MOVIE REVIEW: Finding Dory has a heart bigger than the ocean
Dory takes center stage in Pixar's best sequel since Toy Story 3.
(SPOT.ph) Thirteen years ago, a film about a clownfish swam into audience's hearts and became a modern classic. Finding Nemo, from Disney-Pixar, was a critical and audience favorite with its gorgeously animated world, touching and heartbreaking story, and perhaps most importantly, its delightful and memorable cast of characters.
One of these is Dory, an open and energetic blue tang that suffers from short term memory loss, voiced by talk show host Ellen DeGeneres.

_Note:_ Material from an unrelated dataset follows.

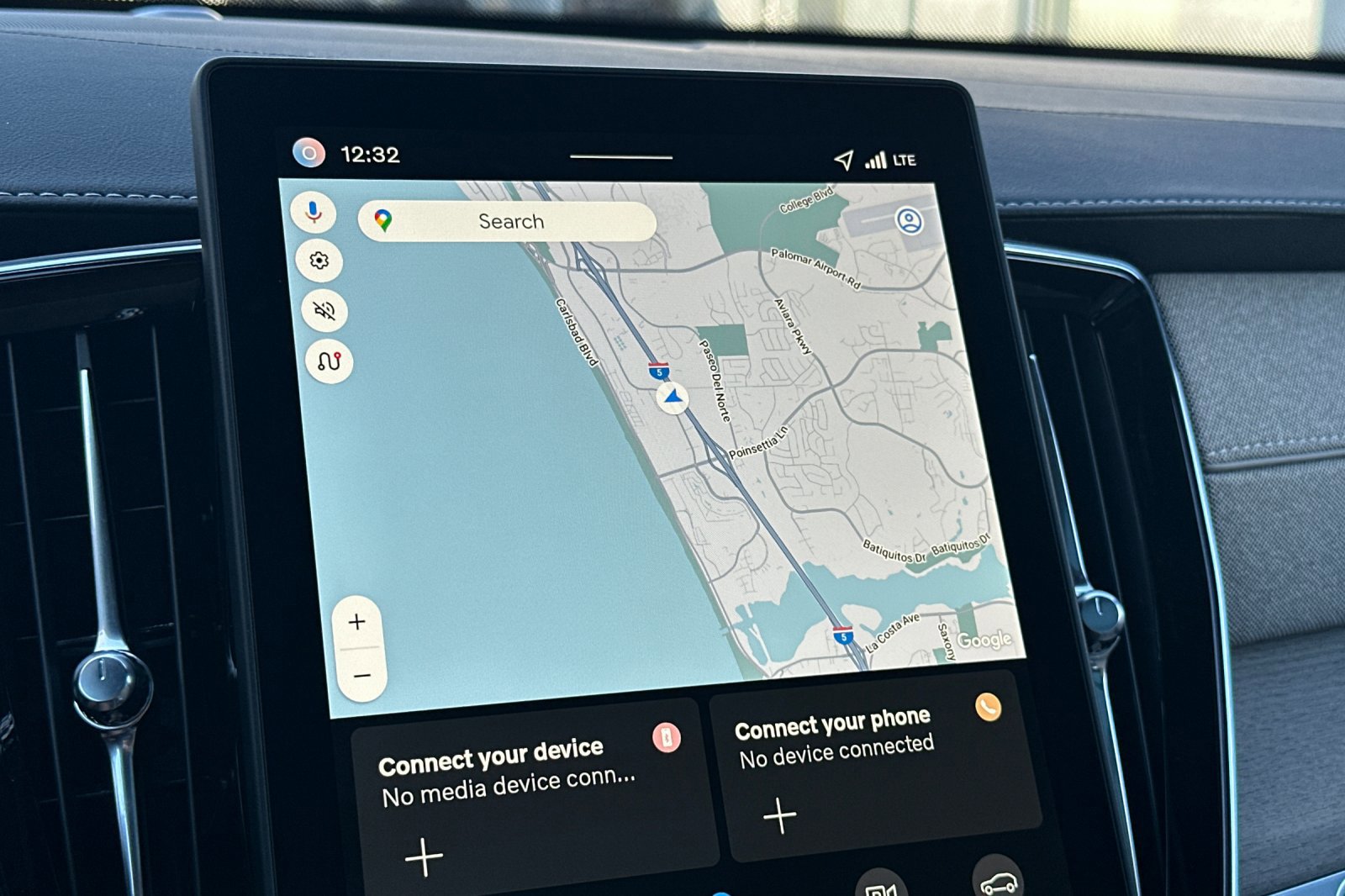 New 2026 Volvo XC90 B5 Core image 17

DeGeneres had often joked on her show after the successes of the Toy Story sequels that Pixar should do one for Nemo, and after years of "campaigning," it finally happened. In Finding Dory, we dive into the story of this former sidekick whose one distinguishing trait becomes more complex, emotional, and ultimately more complete as the film progresses.
The story takes place one year after the events of the first film. Dory, now living happily with Marlin (voiced by a returning Albert Brooks) and Nemo (Hayden Rolence, replacing Alexander Gould) suddenly remembers her parents. Dory decides that she needs to go back out into the open ocean to find her family, but she can barely remember them and how to find them. She sets off on another wild journey with Marlin and Nemo, this time to California, hoping that the Marine Life Institute would give her answers to the whereabouts of her family.
In little flashbacks peppered throughout the film (usually appearing when most needed), the audience is told of Dory's childhood and how she came to meet Marlin. In heartwrenching Pixar fashion, a cute-as-can-be Baby Dory is introduced, along with Dory's parents. Jenny (Diane Keaton) and Charlie (Eugene Levy) do their best to teach their forgetful child how to cope with the world. These are easily the film's most subtly heartwrenching sequences, and will surely resonate with parents who have children with learning disabilities or special needs.
Finding Dory makes its title protagonist more emotionally complex in a matter of minutes. Dory isn't just that funny sidekick that we can laugh at anymore as she is a character who struggles and has fears because of her disability. This is Pixar at its very best—creating imagined worlds to poignantly reflect a truth in the real world.
DeGeneres is the beating heart of this film as she gives another standout performance as Dory, adding layers of loneliness and fear to the character's already wacky but charming personality. How she is able to shift her voice from scared to amused, or excited to confused at the flap of a fin is really admirable. She also manages to keep Dory's sense of wonder always present. Brooks delivers a great voice performance with Marlin. Of the new additions to the cast, it is Modern Family's Ed O'Neill that gets the biggest slice of the film as a grumpy octopus that Dory meets at the Institute. He and DeGeneres play off each other well, but these new characters never quite leave the same impact as the Tank Gang of Finding Nemo.
It is wonderful to see Andrew Stanton (Finding Nemo, Wall-E) return to the animated directing chair, this time alongside Angus MacLane. Stanton has an innate ability to beautifully portray strange worlds in the most pleasing and awe-inspiring way. The open ocean, as well as the Marine Life Institute are both full of personality, with their own silly characters voiced by the likes of Ty Burrell, Idris Elba, Bill Hader, and Kate McKinnon. There's an effortlessness to everything in Finding Dory: how the light peers into the ocean, how the fish swim, or how rowdy children can be are animated with much detail.
The big question many will be asking is whether it's as good or better than its predecessor, and the short answer is no. For the most part, it hits the same emotional beats as Nemo, but never quite to full effect. The sense of wonder and magic the first film had is lost in the second. Most of its "present" plot (a.k.a. not including the Baby Dory flashbacks) shows characters swimming from point A to point B and then back again.
This does not mean that Dory is a bad film. It's a very good one, actually, and is Pixar's best sequel since Toy Story 3. The big-hearted lessons about family and companionship will resonate with many viewers. While Dory never quite rises to the top of Pixar's ouevre, it's still a welcome companion piece to the 2003 film, and will only make kids and adults alike want to spend more time under the sea.
RATING: 4 out of 5 spots
Finding Dory is now in theaters. Photos courtesy of Disney-Pixar.